Layer Technology Purpose
Container Runtime containerd Lightweight, Kubernetes-native runtime
GPU Provisioning NVIDIA GPU Operator Automatically manage GPU drivers + toolkit
GitOps Flux Declarative and auditable infra delivery
K8s Package Manager Kustomize + Helm Infra and app lifecycle management
Model Hosting Ollama (on GPU nodes) LLM serving engine
Task Coordination Custom Resource Definitions (CRDs) Define and manage complex task orchestration
Monitoring Prometheus + Grafana (optional) Cluster and model performance observability

🧩 Custom Resource Definitions (CRDs)

The system uses Kubernetes CRDs to implement the A2A (Agent-to-Agent) protocol, enabling seamless communication between AI agents. Our CRDs define both the agent deployment and task orchestration aspects of the system.

OllamaAgent

A CRD for deploying and managing individual model agents that implement the A2A protocol.

apiVersion: ai.stack/v1alpha1
kind: OllamaAgent
metadata:
  name: summarizer-agent
spec:
  # Reference to the OllamaModelDefinition
  modelDefinition:
    name: summarizer-model
    version: "1.0.0"

  # Core agent configuration
  role: summarizer

  # A2A protocol implementation
  agentCard:
    capabilities:
      - summarization
      - text-analysis
    endpoint: "/api/v1/agent"
    authentication:
      type: "bearer"

  # Resource requirements
  resources:
    gpu: 1
    memory: "8Gi"
    cpu: "2"

  # A2A server configuration
  server:
    streaming: true
    pushNotifications: true
    webhookConfig:
      retryPolicy: exponential
      maxRetries: 3

  # Model-specific settings
  modelConfig:
    temperature: 0.7
    contextWindow: 4096
    responseFormat: "json"

OllamaModelDefinition

A CRD that defines how to build a custom Ollama model with specific capabilities and behaviors.
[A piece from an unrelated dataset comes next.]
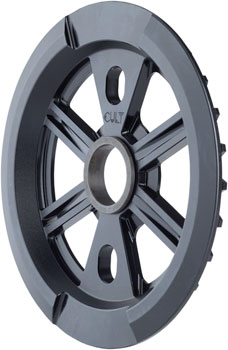Cult Dak Guard Sprocket 28T Black EA Sprockets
When created, it triggers the build process within the cluster.

apiVersion: ai.stack/v1alpha1
kind: OllamaModelDefinition
metadata:
  name: summarizer-model
spec:
  # Base model configuration
  from: llama2

  # Model build parameters
  build:
    # System prompt defining agent behavior
    system: |
      You are a specialized summarization agent that excels at:
      1. Extracting key information from documents
      2. Creating concise summaries
      3. Identifying main themes and topics

    # Parameters for model behavior
    parameters:
      temperature: 0.7
      contextWindow: 4096
      responseFormat: json

    # Model adaptation and fine-tuning
    template: |
      {{ if .System }}{{.System}}{{ end }}

      Context: {{.Input}}

      Instructions: Create a summary that includes:
      - Main points
      - Key findings
      - Action items

      Response format:
      {{.ResponseFormat}}

    # Custom function definitions
    functions:
      - name: extract_key_points
        description: "Extract main points from the text"
        parameters:
          type: object
          properties:
            main_points:
              type: array
              items:
                type: string
            themes:
              type: array
              items:
                type: string

    # Model tags for versioning and identification
    tags:
      version: "1.0.0"
      type: "summarizer"
      capabilities: ["text-analysis", "summarization"]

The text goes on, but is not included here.